Advantages of Dental Crowns
Apart from restoring damaged teeth, dental crowns also provide solutions to other dental problems such as:
- Cracked or weak teeth
- Large cavities that can’t be filled
- Misshapen or severely discolored teeth
- Coverage for dental implants
- Holding a dental bridge in place
- Coverage after a root canal
In pediatric dentistry, dental crowns are used when the baby’s teeth have been damaged by decay or aversion to general anesthesia demands it.
Types of Dental Crowns
Permanent dental crowns are made from different materials, including:
- Metal. This includes gold and platinum. Metal crowns are long-lasting, resistant to breakage, and can withstand pressure from constant chewing and biting.
- Stainless steel. Often used on children, these are typically temporary.
- Porcelain-fused-metal. This type is made to match the color of the surrounding teeth, popular among those who get crowns for cosmetic reasons.
- Resin. Resin crowns, while cost-effective, doesn’t last long.
- All-ceramic or all-porcelain. Commonly chosen by those with metal allergies, this type is also close to your teeth’s natural color.
Typically, dental crown procedures require multi-day visits (at least two times), depending on what your dentist will recommend.
On your first visit, x-rays are taken to examine the tooth that’s going to receive the crown, as well as the surrounding teeth.

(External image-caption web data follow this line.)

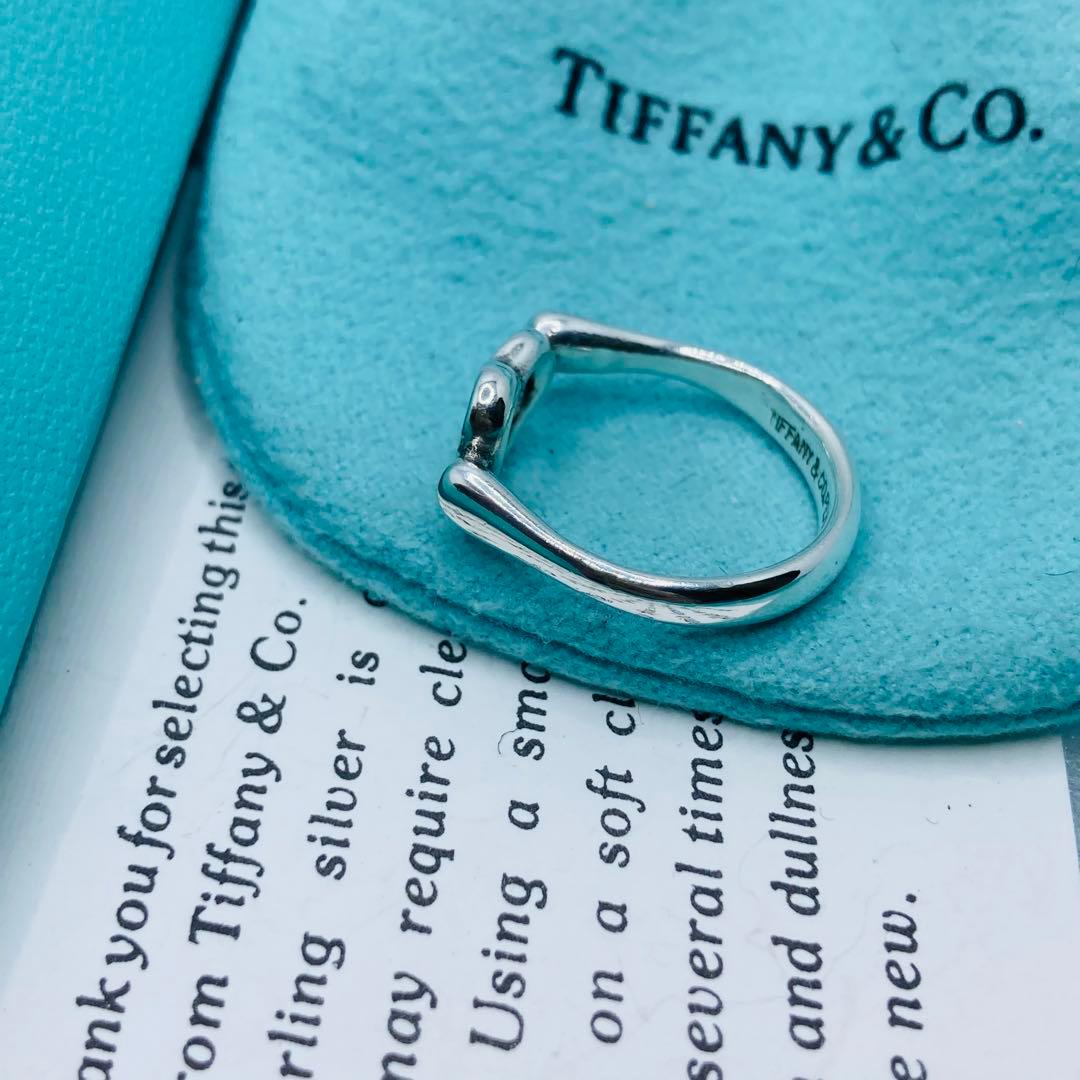 極美品✨ ティファニー リング オープンハート ハート AG925 #10
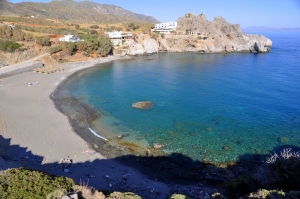 Strand von Agios Pavlos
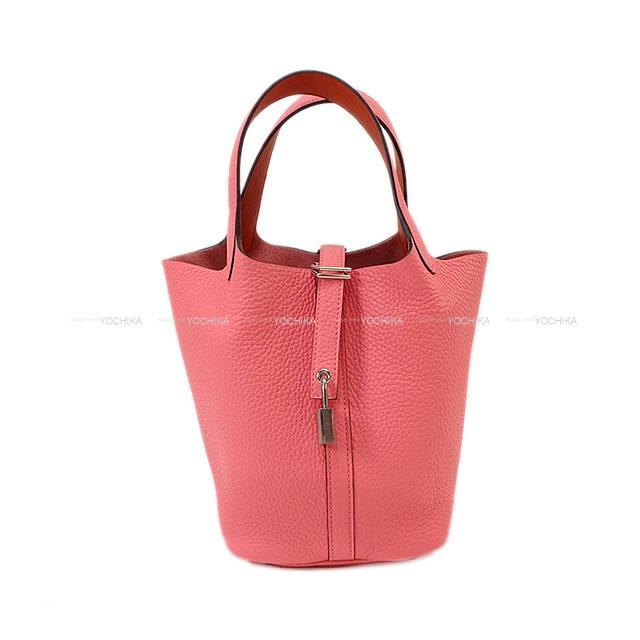 HERMES エルメス ハンドバッグ ピコタンロック エクラ 18 PM ローズアザレ/テールバテュー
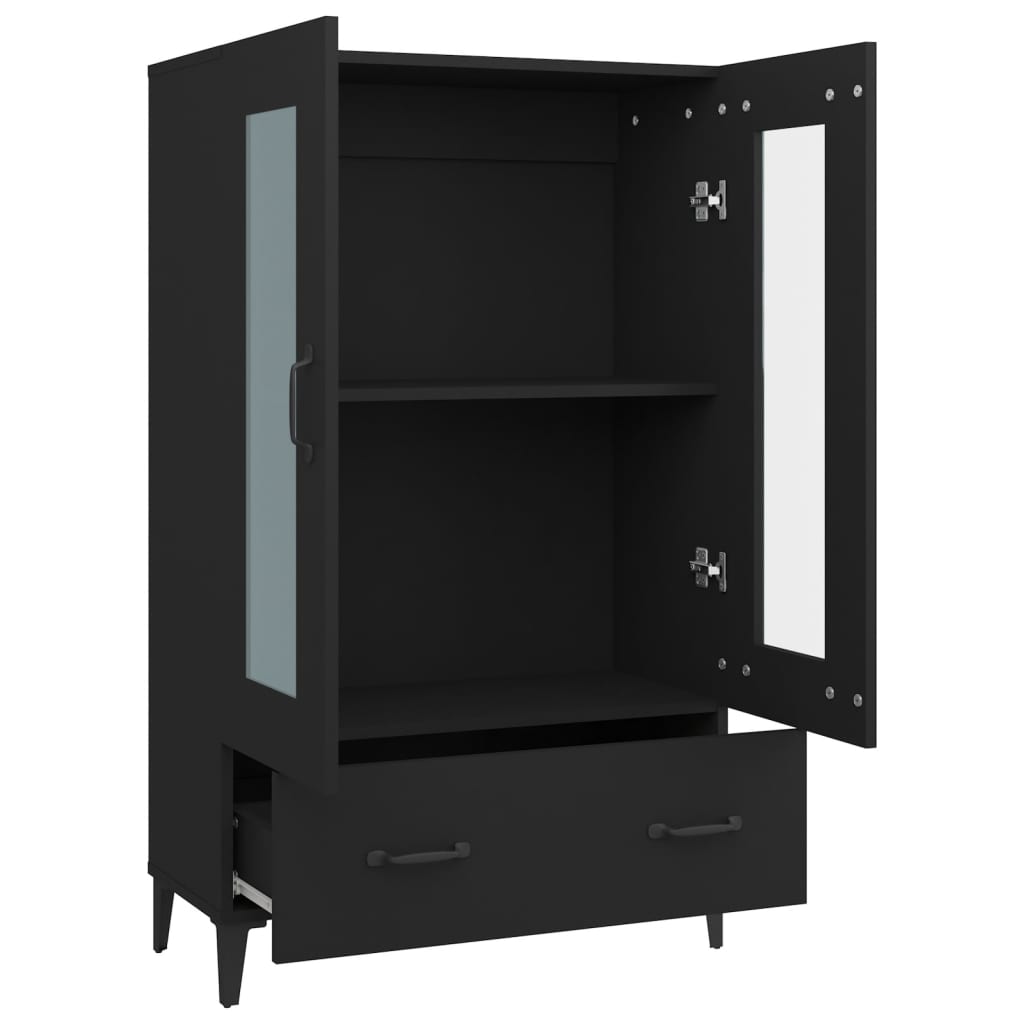 Highboard Black 70x31x115 cm Engineered Wood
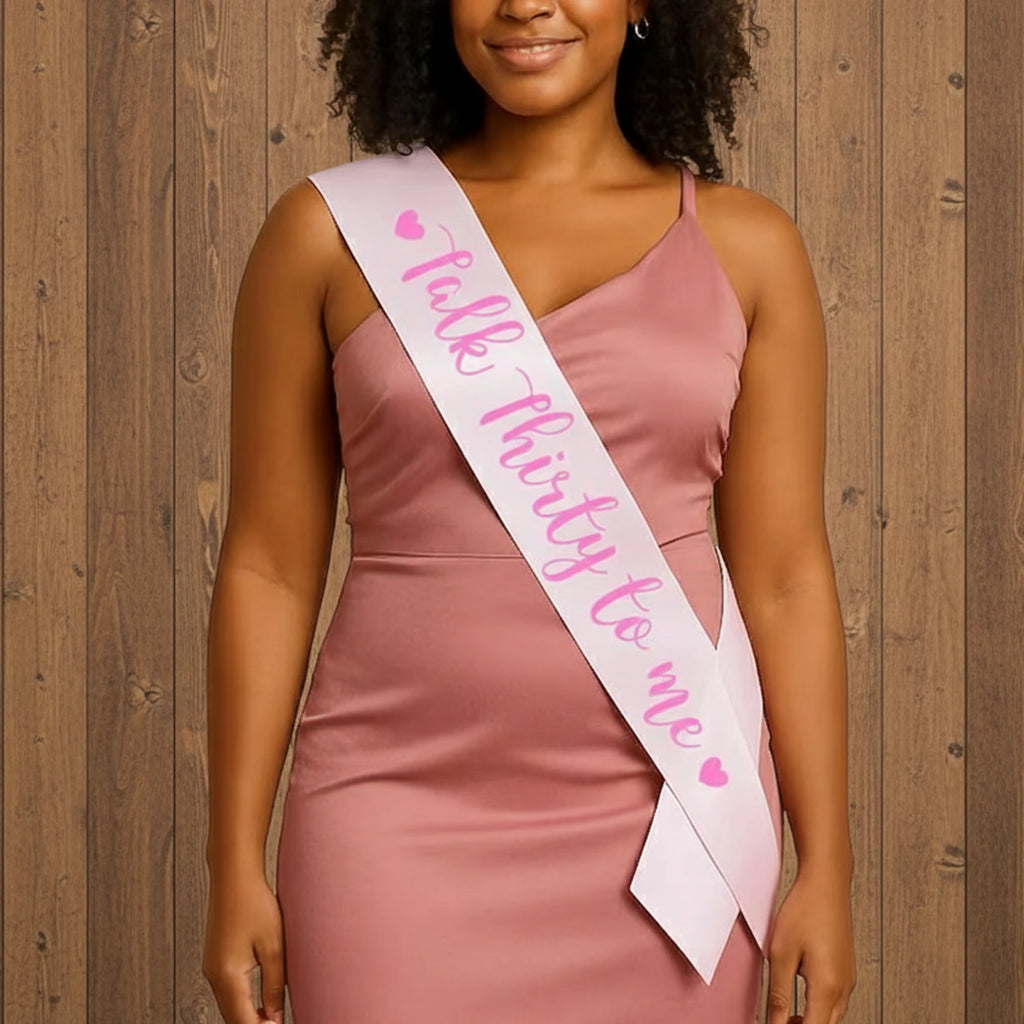 Personalised Ribbon, Personalised Sash, Hed Party, Anniversary Sash, Celebration Sash, Printed Sash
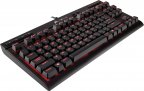 Corsair K63 Compact -pelinäppäimistö, Cherry MX Red –kytkimet, punaiset-ledit
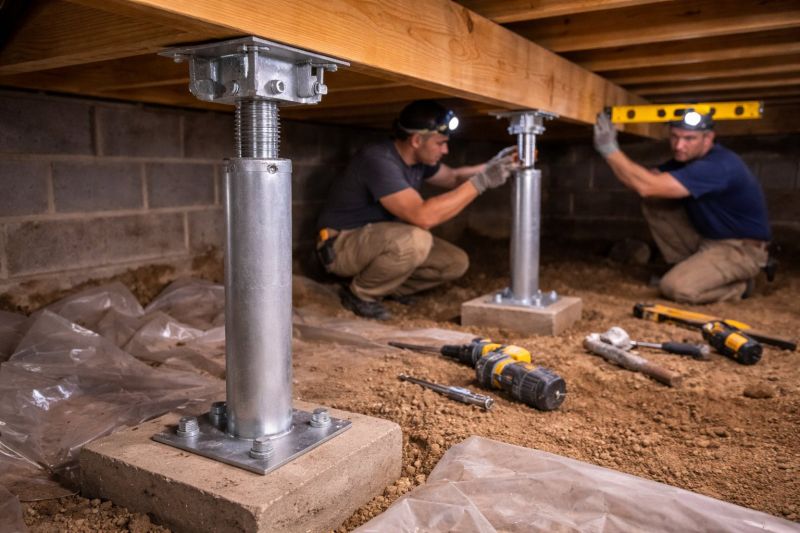 Crawlspace Structural Repair in Black Mountain, NC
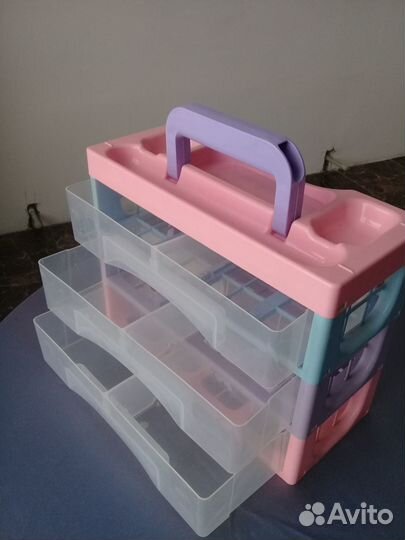 Контейнер органайзер для ватных дисков и палочек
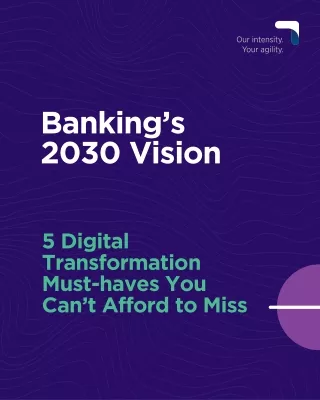 What does the future hold for the Banking industry in the next decade?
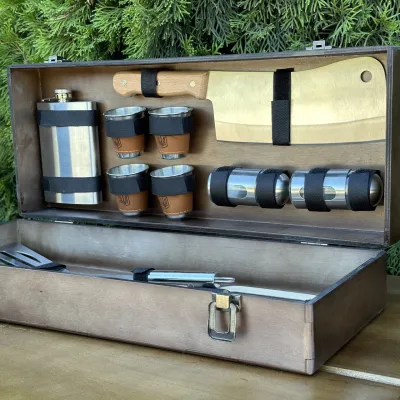 Набір для гриля Mzavod Гриль міні темний - 3 Набір для гриля Mzavod Гриль міні темний - 3 - Robinzon.ua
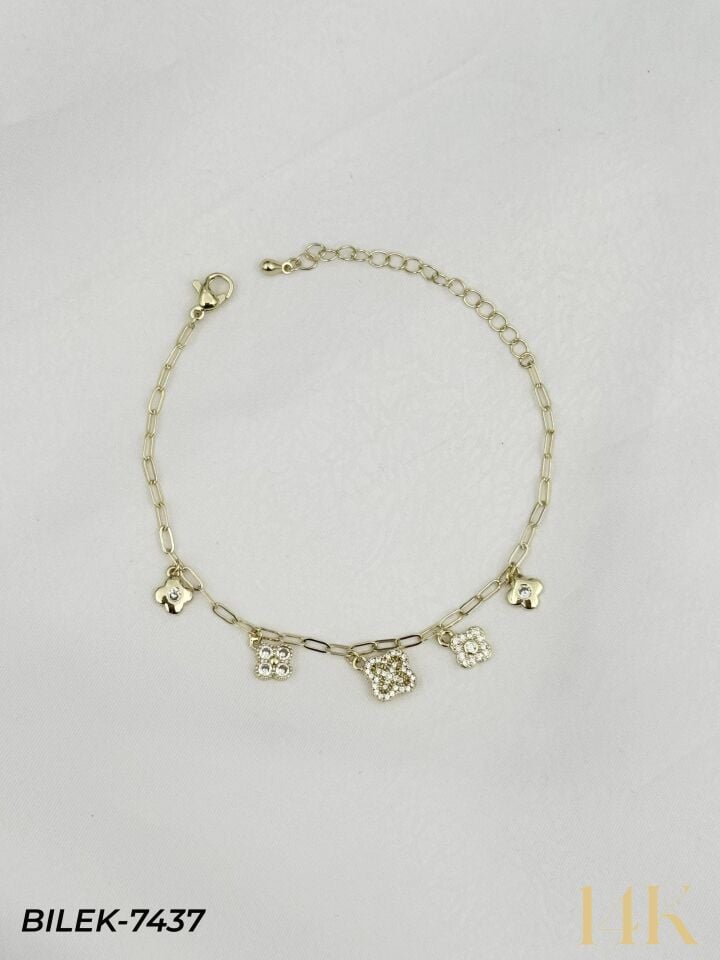 14K Charmlı Bileklik // BILEK-7437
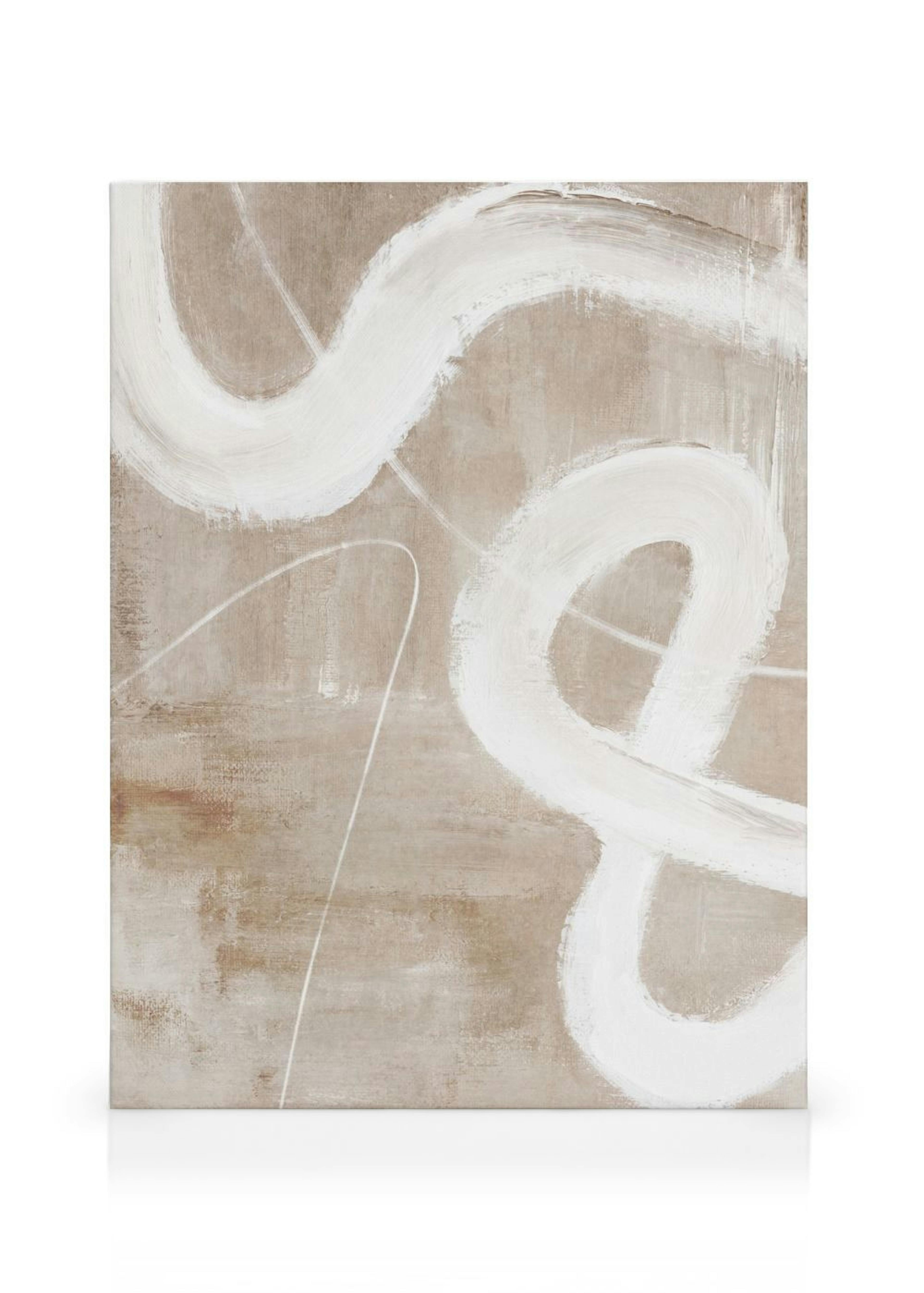 Abstract Beige No1 Lienzo thumbnail
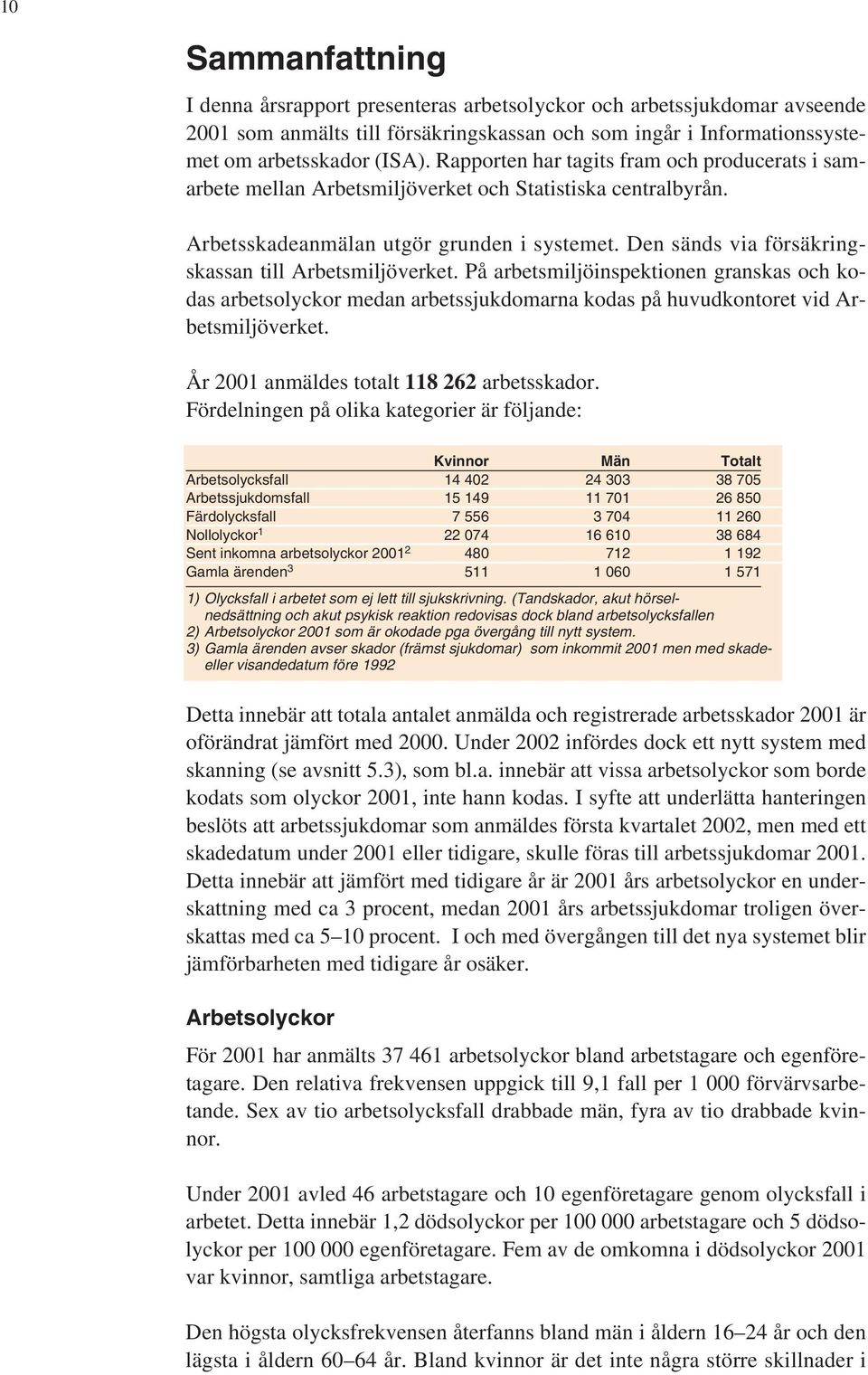 Den sänds via försäkringskassan till Arbetsmiljöverket. På arbetsmiljöinspektionen granskas och kodas arbetsolyckor medan arbetssjukdomarna kodas på huvudkontoret vid Arbetsmiljöverket.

If you have major tooth decay or damage, it’s likely that you will be required to undergo additional dental procedures like a root canal, bridge, or deep cleaning.
After, part of the tooth’s outer layer will be removed and filed down. This is to make space for the crown itself. An impression will be made out of the trimmed tooth and will be sent to the dental lab to make the crown. Until then, your dentist will have to place a temporary crown over your teeth.